What you have to do: Return exactly the lines of the entries that start at the line containing "Gemütliche Zwei Zimmerwohnung" and continue to the last line. Omit the pictures.

--- Provided data Enclosed Below ---

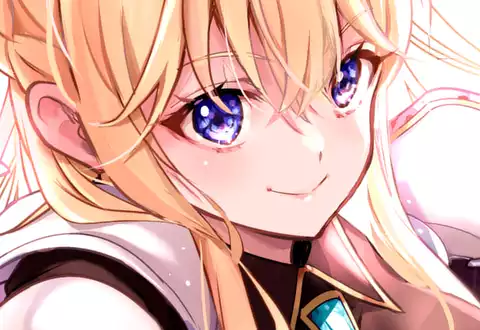 チャプターサムネイル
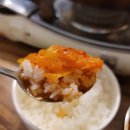 수락산역술집 보리통호프에서 인생치킨을 만나다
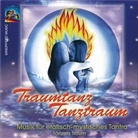 Tänzers Traum - Traumtanz, 1 Audio-CD (Audio book)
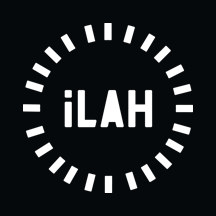ilah cibis jewelry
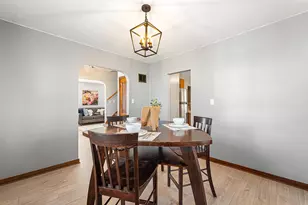 614 S Lincoln Ave, Beaver Dam, WI 53916 - Photo 8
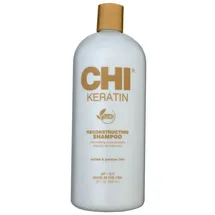 CHI Keratin 946 ml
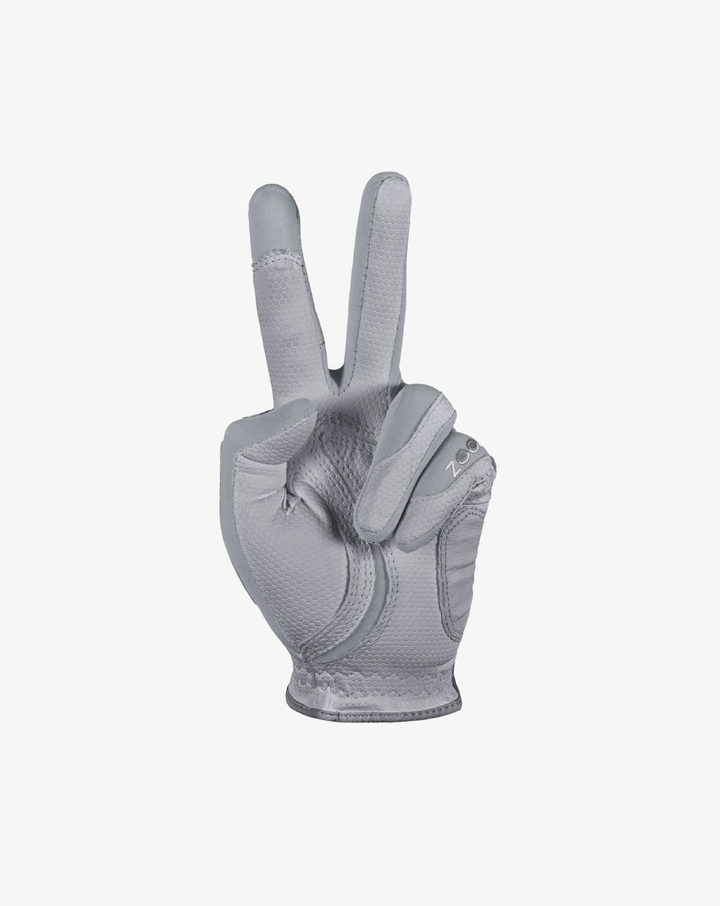 Men's Weather Style Glove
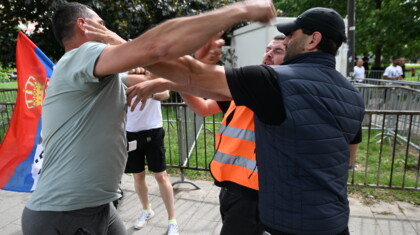 Incident ispred Cacilenda i Cacilend 260526 Foto Marko Ljutica 17
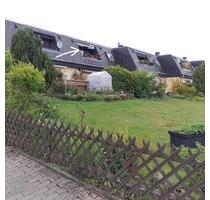 Gemütliche Zwei Zimmerwohnung mit Garage im 95234 Sparneck - Nürnberg Gleißhammer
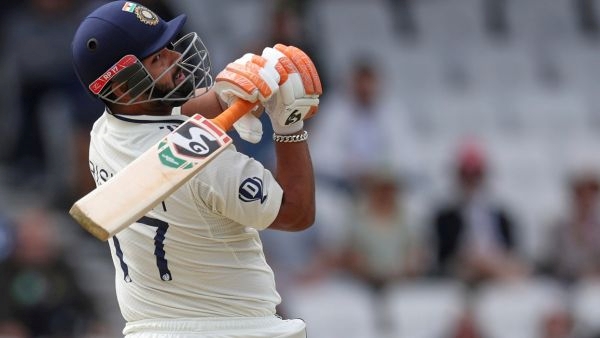 rishabh pant rishabh pant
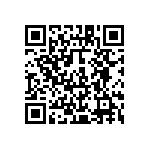 1812JA250100KCRSY2 QRCode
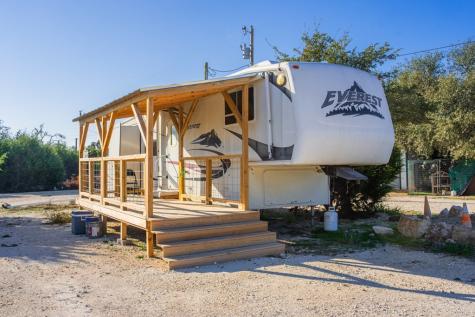 1031 Fm 479 Mountain Home TX 78058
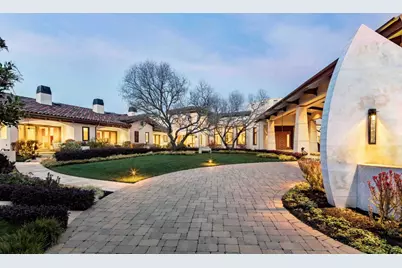 27500 La Vida Real, Los Altos Hills, CA 94022 - Photo 3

--- End of Enclosed Provided data ---

Your solution:
 Gemütliche Zwei Zimmerwohnung mit Garage im 95234 Sparneck - Nürnberg Gleißhammer
 rishabh pant rishabh pant
 1812JA250100KCRSY2 QRCode
 1031 Fm 479 Mountain Home TX 78058
 27500 La Vida Real, Los Altos Hills, CA 94022 - Photo 3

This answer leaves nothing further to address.